Ribbons, bows, and beauty in God's eyes

Dear beautiful Readers,
   As you all can see, I've been running kind of low on blog ideas lately. There just has not been enough time to sit down and compose a post! I wrote (and even published!) one on how much I've missed my parents while they have been in Italy....but it was the size of a novel and merely my ramblings so I ended up deleting it. :) I wrote another a few weeks ago on a lovely little boy named Harrison, who is Deaf and listed on Reece's Rainbow. For some reason that one never posted!! I ask that all of you pray for this precious boy who so desperately needs a family. What a world would be opened to him if he was blessed with a family to teach him sign language!!

     Any way, there I go again...rambling! I really did have a reason for this post, however.
It is going to be a lot different than my other posts, though...so hang with me! It's really only aimed at the girls, so if you are a boy you are going to be sorely disappointed!! However, I'm really not sure that any boys would visit a blog titled Claire's Calico Corner...go visit Caleb's Camouflage Corner or something like that! hahaha


When you see this picture, what do you think of? Does it excite you as you think of your next shopping spree and how much fun that will be? Does it make you wish you had jeans as cute as these? Does it make you think "Oh, I would never look that good in those, but they would look cute on so and so!" 

I don't really like shopping for clothes for myself. I enjoy shopping for my mom or sister, or  shopping for gifts, or even shopping for myself as long as it isn't clothes. When I see that picture it doesn't excite me at all...it just makes me realize that I would never look that good in those! 
   Clothes shopping produces a very bad effect on me, haha! It puts me in the absolute worst mood! Ask my mom--even if we go to her friend's (who sells clothes out of her home) house to look around, I get in the most depressed mood when asked to try anything on! I feel like just stepping in front of the dressing room mirror triggers every insecure thought I have ever had to come rushing back at me. Even if I find something that I like, it will most likely sit in my closet for months as I wear one of the two outfits I feel comfortable in that season. 
If it was up to me we would all be wearing one of our two calico dresses complete with bonnets and petticoats. 
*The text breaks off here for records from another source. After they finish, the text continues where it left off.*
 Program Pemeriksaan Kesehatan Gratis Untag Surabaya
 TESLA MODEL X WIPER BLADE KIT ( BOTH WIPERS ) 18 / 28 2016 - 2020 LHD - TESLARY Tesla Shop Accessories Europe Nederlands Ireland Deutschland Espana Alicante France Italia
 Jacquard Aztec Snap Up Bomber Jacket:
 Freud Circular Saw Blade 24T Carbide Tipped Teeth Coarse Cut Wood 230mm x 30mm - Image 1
According to my sweet sister, I, however, do not "know fashion". I have to say, though...if the above picture is fashion then I am glad not to know it! :) 
My heart breaks for so many around the world....but sometimes I think I tend to forget that so many people right next to me are struggling with the same things I am. I forget that I'm not the only person who feels insecure. In fact, the very people who cause me to feel insecure--like the model above--themselves struggle with feelings of insecurity. I was talking to my mom about this very thing the other day...
Why do so many women (in fact probably every woman!) struggle with feeling like they are not pretty enough? Why  are we always trying to lose that dress size? Why can't we just get together and love one another without stressing over being underdressed or overdressed, looking fat or looking thin, wearing enough makeup or too much? Why are we always comparing ourselves to everyone--even those we love most? 
Sometimes I think it is so hard for us to believe what the Bible tells us--that we are fearfully and wonderfully made. 
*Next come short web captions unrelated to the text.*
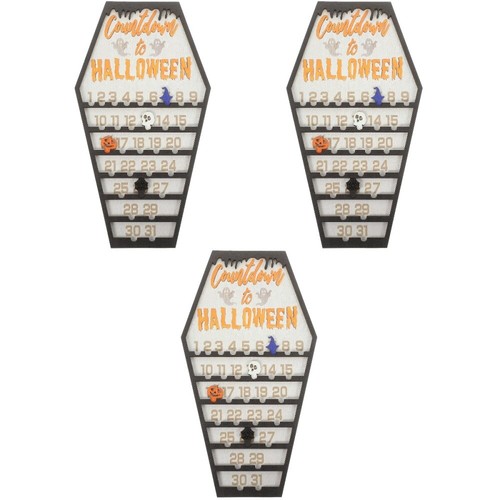 3 Pezzi Calendario dell'Avvento di Halloween, Calendario dell'Avvento in Bara di Legno,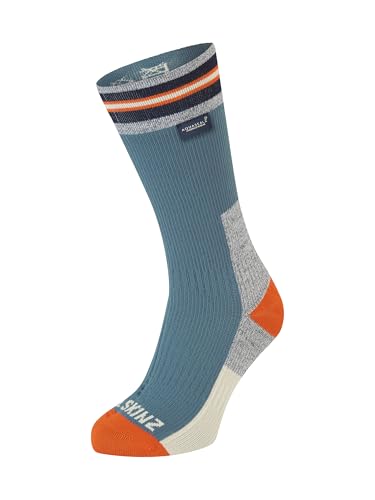 SEALSKINZ Unisex Waterproof All Weather Mid Length Striped Sock Surlingham wasserdichte Allwettersocken, mittellang, gestreift, Blau, Small von SealSkinz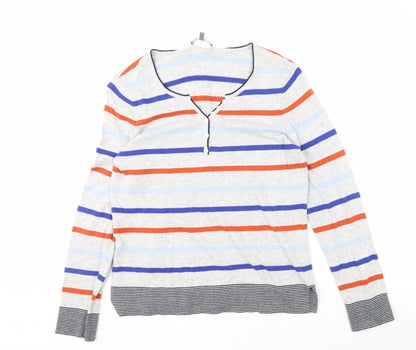 Womens UK Size 12 Laura Ashley Multicoloured Henley Jumper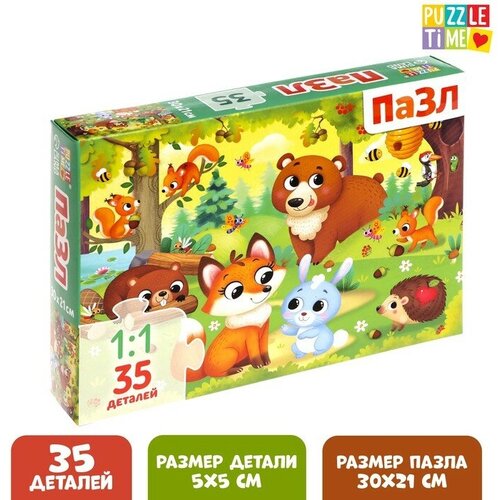 Puzzle Time Пазл «Зверята в лесу», 35 деталей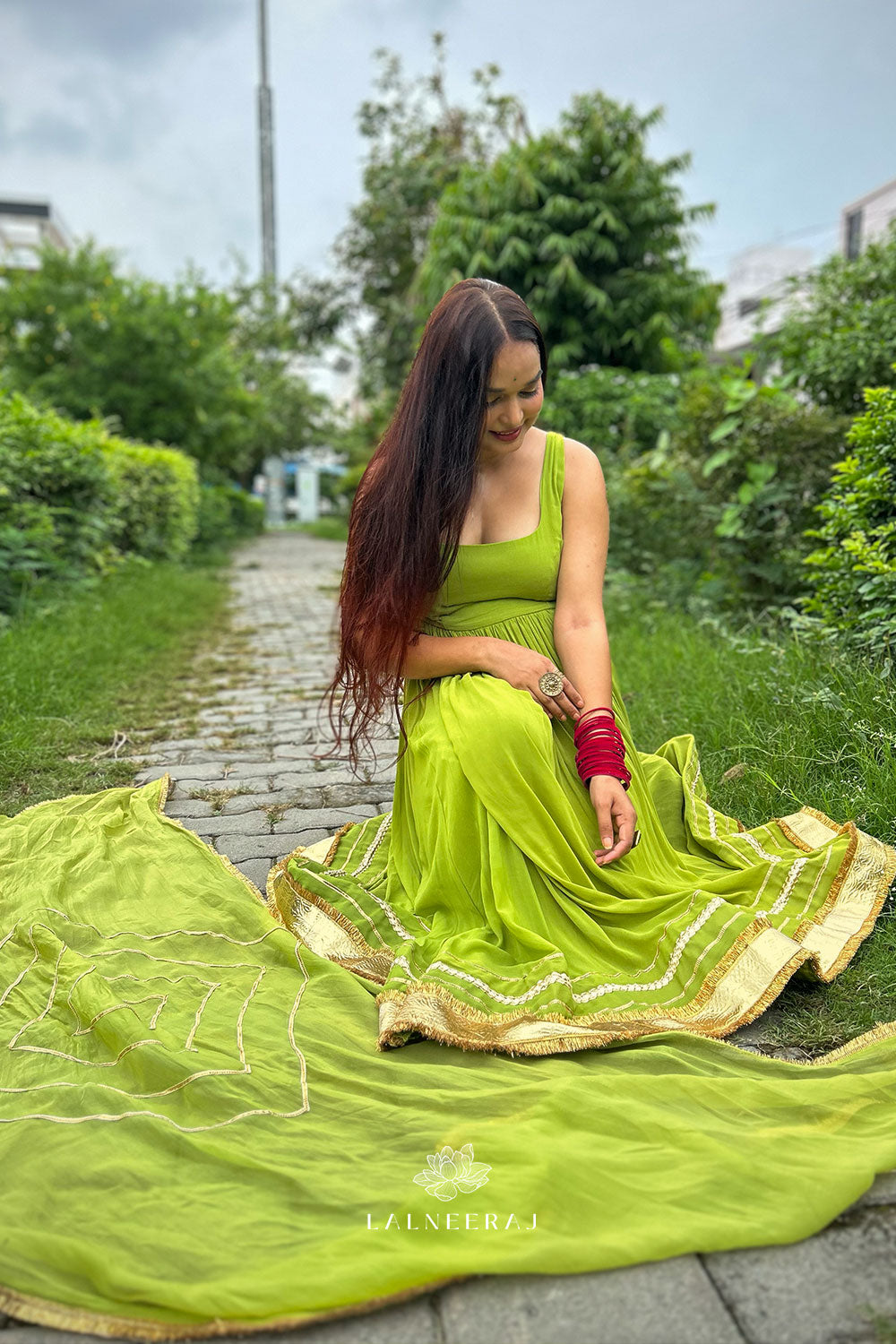 Masala Lime: Ankle length Anarkali set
My heart is absolutely broken over this fact. I so wish we all could just not struggle with this!! I wish when someone told me I was beautiful it would make me  instantly not struggle with insecurity any more. I wish I could tell all of my friends that they are beautiful and have them not struggle with insecurities anymore. But sadly it doesn't work that way. Would it help if we got rid of the kind of clothes pictured above and wore pioneer-style garb? Probably not. We still would find things wrong with ourselves. 

But, even if you are not going to believe me, I'm going to tell you any way----

You are so beautiful!!!!


There.  We are all beautiful. Because we wear makeup? No. Because we have cute clothes? Nope! Because we work out with a trainer? No again! 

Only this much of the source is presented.